Geçen ay Fatih Gemisi’nin mürettebatı hakkında sözde tutuklama emri çıkartan GKRY, şimdi de Türkiye ile işbirliği yapan üç şirketin Türk olmadığını belirterek anılan şirketler hakkında sözde yasal işlem başlattı. Çipras ve Avrupa Birliği boşa konuşurken GKRY de akıntıya karşı kürek çekiyor. Çünkü Fatih ve Yavuz gemilerimizin çalışma yaptığı alanlar Türk Kıta Sahanlığında bulunuyor.
GKRY, TÜRK KITA SAHANLIĞINI İHLAL EDİYOR!..
Doğu Akdeniz’i sahiplenmek isteyen GKRY, Mısır ile 17 Şubat 2003 tarihinde Münhasır Ekonomik Bölge Sınırlandırma Anlaşması yaptı ve anlaşmayı Birleşmiş Milletler’e tescil ettirdi.

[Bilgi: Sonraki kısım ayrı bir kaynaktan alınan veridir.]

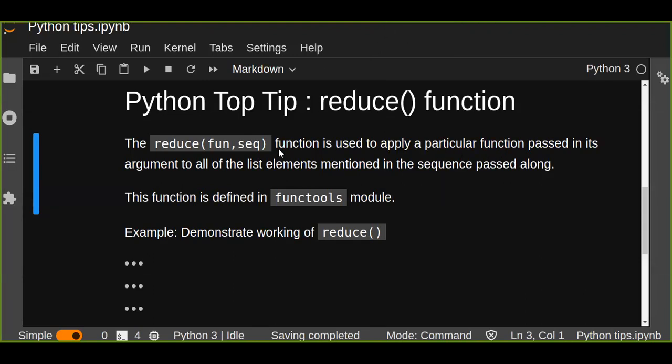Hello guys, welcome to my YouTube channel. Today I'm going to talk about the reduce function in Python.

Türkiye, 02 Mart 2004’te BM’ye bildirdiği karşı nota ile Türk Kıta Sahanlığı doğu sınırının 32° 16’ 18’’ boylamından geçtiğini, GKRY-Mısır arasında imzalanan anlaşmanın Türk Kıta Sahanlığını ihlal ettiğini ve anlaşmayı tanımadığını deklare etti.

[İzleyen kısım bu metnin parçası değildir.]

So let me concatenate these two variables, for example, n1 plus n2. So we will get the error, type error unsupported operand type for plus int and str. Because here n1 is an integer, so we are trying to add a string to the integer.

GKRY, Lübnan ile 17 Ocak 2007 tarihinde Münhasır Ekonomik Bölge Sınırlandırma Anlaşması yaptı. Anılan anlaşmadan hemen sonra GKRY Parlamentosu, 26 Ocak 2007 tarihinde bir yasa kabul ederek, Mısır ve Lübnan ile çizdiği sınırların içerisinde 13 adet petrol arama ruhsat sahası ilan etti. Rum Yönetimi’nin ilan ettiği sahalardan beş adedi (1,4,5,6 ve 7 numaralı sahalar) Türk Kıta Sahanlığı sınırları içinde kaldı. Bu sahalar, Türkiye’nin 02 Mart 2004 tarihli Notası ile haklarını saklı tuttuğu Doğu Akdeniz’deki kıta sahanlığı alanlarının 7 bin km2 lik kısmını işgal etti.
İŞTE O BELGE!..
Birleşmiş Milletler Güvenlik Konseyi, 29 Haziran 2012’de Kıbrıs Raporu yayınladı. Dönemin BM Genel Sekreteri Ban Ki-Moon tarafından yayınlanan raporun 7. sayfasında yer alan, “tampon bölge dahil, Kıbrıs Adası üzerindeki ve etrafındaki doğal kaynaklar tüm Kıbrıslılara aittir, doğal kaynaklardan her iki toplum yararlanacaktır” açıklaması BM üyesi devletlere ve bütün dünyaya deklare edildi.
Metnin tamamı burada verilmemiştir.